Saturday, October 31, 2009

The Recent Gold Price Action Is Saying The Fed And Other Western Central Banks Are in Desperation Samba Mode

Over the years governments have been selling their gold to keep the gold price down. To keep the canary in the coal mine from making noises. Well, they are running out of gold to sell. They can't make gold like they can fiat tokens. The US Treasury probably has well less than half of what they say they do. There has not been a public audit of the gold in the US Treasury since the '50s. Why would they change the name of the account that the gold is in, for the second time, to "Deep Storage". Because they sold their gold and took as collateral stakes of some kind in mining companies so that they now own gold in the ground that has not been mined yet? Future history will tell.

If you are not up to speed on this story/concept, check out

Bill H's opinion from Le Metropole Cafe
A site for the nitty gritty, the low down. The scoop.

"They can't do it again.

To all; if as I suspect the next leg of the GFC (global financial crisis) is unfolding now, what can we expect to see in the form of government response? More of the same? Can the Fed blow up its balance sheet again? Yes, and I feel sure they will. Can Treasury guarantee and borrow another $13 trillion or even more if necessary? I think not. What about the value of the Dollar? Stocks? Gold?

The "green shoots" lie as I call it is very long in the tooth and being disproven more and more on a daily basis. The only thing that has been accomplished since last fall has been a slowing of the economic and asset structure's decline and they bought some time.
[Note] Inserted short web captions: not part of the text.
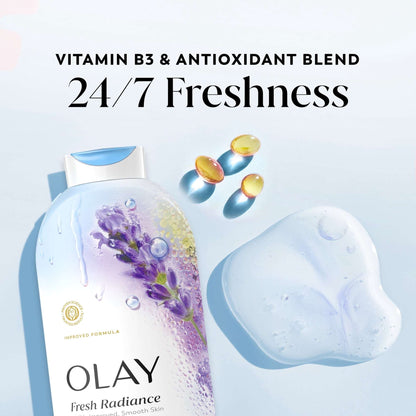 Olay Fresh Radiance Body Wash with Essence of Birch Water and Lavender, Vitamin B3 and Antioxidant Blend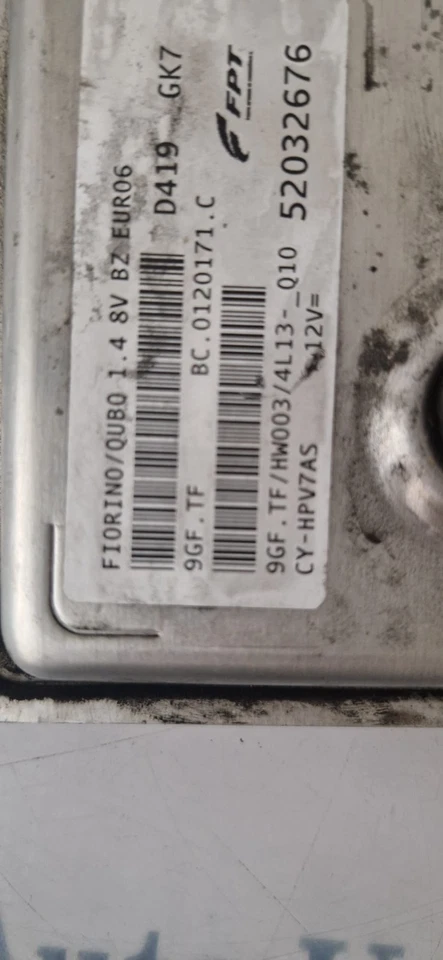 centralina motore fiat qubo/fiorino1.4 benzina 8V 52032676 9GF.TF 12V EURO6 - immagine 2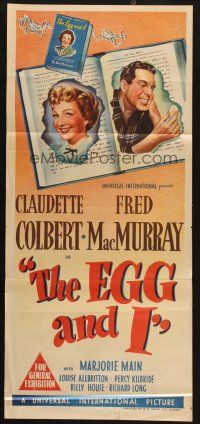 7m556 EGG & I Aust daybill '47 Claudette Colbert, MacMurray, first Ma & Pa Kettle!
Yes we have had an inventory rebuild which will be the driving force behind positive quarterly GDP numbers that the brain dead will cheer and point to as "recovery". It is not. The next "resetting" of mortgage rates is again beginning and will be as bad or worse than what we saw last year. Commercial real estate loans from the "03-'06 timeframe are now coming due with property values declining and refinancings not available, this will be a disaster. The banking industry which cooked their books for Q2 and 3 will again be facing reality.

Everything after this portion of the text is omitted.